> [DATA FOR THIS EXERCISE]
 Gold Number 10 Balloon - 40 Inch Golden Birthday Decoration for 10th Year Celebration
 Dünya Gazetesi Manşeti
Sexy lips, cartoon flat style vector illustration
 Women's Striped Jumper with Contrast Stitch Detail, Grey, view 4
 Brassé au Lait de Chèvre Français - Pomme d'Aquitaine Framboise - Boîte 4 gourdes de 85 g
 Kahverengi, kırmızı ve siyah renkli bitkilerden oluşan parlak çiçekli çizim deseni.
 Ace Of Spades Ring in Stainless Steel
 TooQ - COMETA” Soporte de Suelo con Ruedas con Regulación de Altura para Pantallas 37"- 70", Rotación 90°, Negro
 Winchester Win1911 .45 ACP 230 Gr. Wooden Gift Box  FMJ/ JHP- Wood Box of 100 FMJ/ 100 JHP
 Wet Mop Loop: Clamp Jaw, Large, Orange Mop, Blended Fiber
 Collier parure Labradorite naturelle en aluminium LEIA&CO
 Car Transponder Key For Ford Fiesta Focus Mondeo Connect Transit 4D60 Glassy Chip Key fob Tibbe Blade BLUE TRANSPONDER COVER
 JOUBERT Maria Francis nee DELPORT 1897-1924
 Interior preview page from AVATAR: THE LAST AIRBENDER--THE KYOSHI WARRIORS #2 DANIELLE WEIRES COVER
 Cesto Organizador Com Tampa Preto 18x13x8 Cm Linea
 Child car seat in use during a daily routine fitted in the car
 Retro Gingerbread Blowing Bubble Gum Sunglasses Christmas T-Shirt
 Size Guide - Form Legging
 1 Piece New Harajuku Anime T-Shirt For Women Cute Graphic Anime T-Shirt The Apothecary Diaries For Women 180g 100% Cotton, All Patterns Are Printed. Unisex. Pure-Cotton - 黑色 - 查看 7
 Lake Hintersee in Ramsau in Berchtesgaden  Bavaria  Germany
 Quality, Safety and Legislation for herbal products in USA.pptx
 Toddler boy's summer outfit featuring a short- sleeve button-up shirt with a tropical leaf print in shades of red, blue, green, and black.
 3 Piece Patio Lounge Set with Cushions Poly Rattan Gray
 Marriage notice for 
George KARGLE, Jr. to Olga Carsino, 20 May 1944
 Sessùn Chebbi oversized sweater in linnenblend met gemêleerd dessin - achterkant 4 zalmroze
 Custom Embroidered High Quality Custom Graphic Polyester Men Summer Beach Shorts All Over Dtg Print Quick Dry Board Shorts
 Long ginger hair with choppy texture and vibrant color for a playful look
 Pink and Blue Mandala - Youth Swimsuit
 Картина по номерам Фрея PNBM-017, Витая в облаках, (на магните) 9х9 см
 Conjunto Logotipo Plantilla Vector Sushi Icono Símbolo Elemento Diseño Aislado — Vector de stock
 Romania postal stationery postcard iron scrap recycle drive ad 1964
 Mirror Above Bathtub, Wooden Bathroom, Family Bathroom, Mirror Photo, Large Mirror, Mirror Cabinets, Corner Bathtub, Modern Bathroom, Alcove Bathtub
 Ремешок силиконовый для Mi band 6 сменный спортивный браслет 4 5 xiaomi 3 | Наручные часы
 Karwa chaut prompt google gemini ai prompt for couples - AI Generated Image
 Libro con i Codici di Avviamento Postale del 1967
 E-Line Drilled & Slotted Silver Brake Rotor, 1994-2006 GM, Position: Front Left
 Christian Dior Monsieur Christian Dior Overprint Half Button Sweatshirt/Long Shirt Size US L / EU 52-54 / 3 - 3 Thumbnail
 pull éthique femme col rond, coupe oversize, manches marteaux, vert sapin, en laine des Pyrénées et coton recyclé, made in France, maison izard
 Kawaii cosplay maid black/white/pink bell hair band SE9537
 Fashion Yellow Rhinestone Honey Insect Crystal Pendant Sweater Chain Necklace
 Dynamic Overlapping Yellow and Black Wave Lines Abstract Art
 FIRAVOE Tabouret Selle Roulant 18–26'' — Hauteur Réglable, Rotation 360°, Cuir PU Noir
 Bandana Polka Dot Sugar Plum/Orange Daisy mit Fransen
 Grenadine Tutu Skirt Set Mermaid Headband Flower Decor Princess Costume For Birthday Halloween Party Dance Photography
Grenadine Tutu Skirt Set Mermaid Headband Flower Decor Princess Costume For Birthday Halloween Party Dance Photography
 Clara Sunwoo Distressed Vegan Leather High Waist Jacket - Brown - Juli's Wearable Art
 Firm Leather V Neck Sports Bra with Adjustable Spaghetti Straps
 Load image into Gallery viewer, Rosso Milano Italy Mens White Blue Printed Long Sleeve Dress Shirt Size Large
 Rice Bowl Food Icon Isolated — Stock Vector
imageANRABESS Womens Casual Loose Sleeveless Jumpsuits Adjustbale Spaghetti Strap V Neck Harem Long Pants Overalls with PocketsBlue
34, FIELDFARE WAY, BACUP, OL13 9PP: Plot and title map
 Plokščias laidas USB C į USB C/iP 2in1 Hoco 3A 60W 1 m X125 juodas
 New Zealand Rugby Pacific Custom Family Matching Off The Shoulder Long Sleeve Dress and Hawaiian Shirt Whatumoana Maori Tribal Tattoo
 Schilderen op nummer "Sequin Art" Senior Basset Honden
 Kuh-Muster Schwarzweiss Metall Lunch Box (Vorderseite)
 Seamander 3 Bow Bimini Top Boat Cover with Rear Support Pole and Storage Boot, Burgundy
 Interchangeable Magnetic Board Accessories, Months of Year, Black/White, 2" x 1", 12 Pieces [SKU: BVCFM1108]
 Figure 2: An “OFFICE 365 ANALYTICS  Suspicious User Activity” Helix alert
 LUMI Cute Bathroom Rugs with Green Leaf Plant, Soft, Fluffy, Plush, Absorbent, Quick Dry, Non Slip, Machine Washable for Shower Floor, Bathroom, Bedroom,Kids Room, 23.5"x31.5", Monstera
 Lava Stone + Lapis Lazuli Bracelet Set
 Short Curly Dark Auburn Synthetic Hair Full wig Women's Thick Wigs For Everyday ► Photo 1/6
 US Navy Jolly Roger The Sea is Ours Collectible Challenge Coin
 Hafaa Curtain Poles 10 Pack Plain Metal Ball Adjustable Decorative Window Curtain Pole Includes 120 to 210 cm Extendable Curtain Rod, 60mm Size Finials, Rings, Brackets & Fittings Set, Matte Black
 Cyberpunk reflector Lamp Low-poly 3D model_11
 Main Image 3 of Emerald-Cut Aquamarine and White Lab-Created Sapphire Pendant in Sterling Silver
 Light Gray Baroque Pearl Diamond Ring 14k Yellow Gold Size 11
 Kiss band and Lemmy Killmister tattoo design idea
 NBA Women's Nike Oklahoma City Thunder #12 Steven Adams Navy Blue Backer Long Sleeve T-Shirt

> [REQUIRED ACTION]
For the material above, reproduce exactly the lines from the line with "Karwa chaut prompt" to the line with "E-Line Drilled &", inclusive, and exclude all others.

> [RESULT BELOW]
 Karwa chaut prompt google gemini ai prompt for couples - AI Generated Image
 Libro con i Codici di Avviamento Postale del 1967
 E-Line Drilled & Slotted Silver Brake Rotor, 1994-2006 GM, Position: Front Left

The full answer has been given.